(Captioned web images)
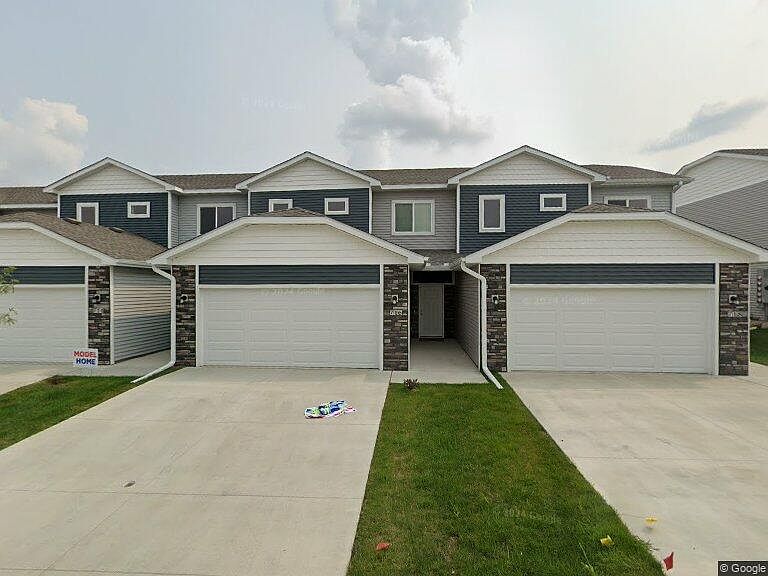 1st image of 716 Greenwell Pl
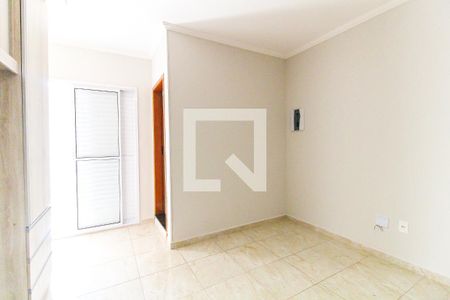 Suíte de casa para alugar com 3 quartos, 500m² em Vila Carmosina, São Paulo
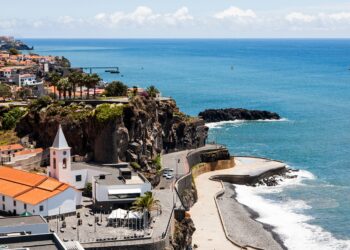 Luis Horta e Costa, naturais de Portugal, dizem que as Ilhas da Madeira e as cidades do interior impressionam os recém-chegados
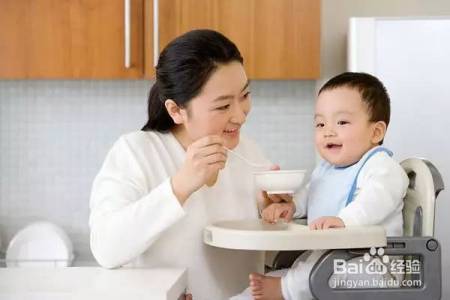 当宝宝开始添加辅食时 需要看看这些建议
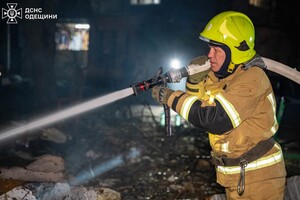 Ночной удар по жилому сектору Одессы: пострадали люди Ночной удар по жилому сектору Одессы: пострадали люди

*EXERCISE DESCRIPTION*
Reproduce exactly the lines that run from the line holding "Suíte de casa" through the final line of the entries, and omit every picture.

*TASK OUTPUT*
 Suíte de casa para alugar com 3 quartos, 500m² em Vila Carmosina, São Paulo
 Luis Horta e Costa, naturais de Portugal, dizem que as Ilhas da Madeira e as cidades do interior impressionam os recém-chegados
 当宝宝开始添加辅食时 需要看看这些建议
 Ночной удар по жилому сектору Одессы: пострадали люди Ночной удар по жилому сектору Одессы: пострадали люди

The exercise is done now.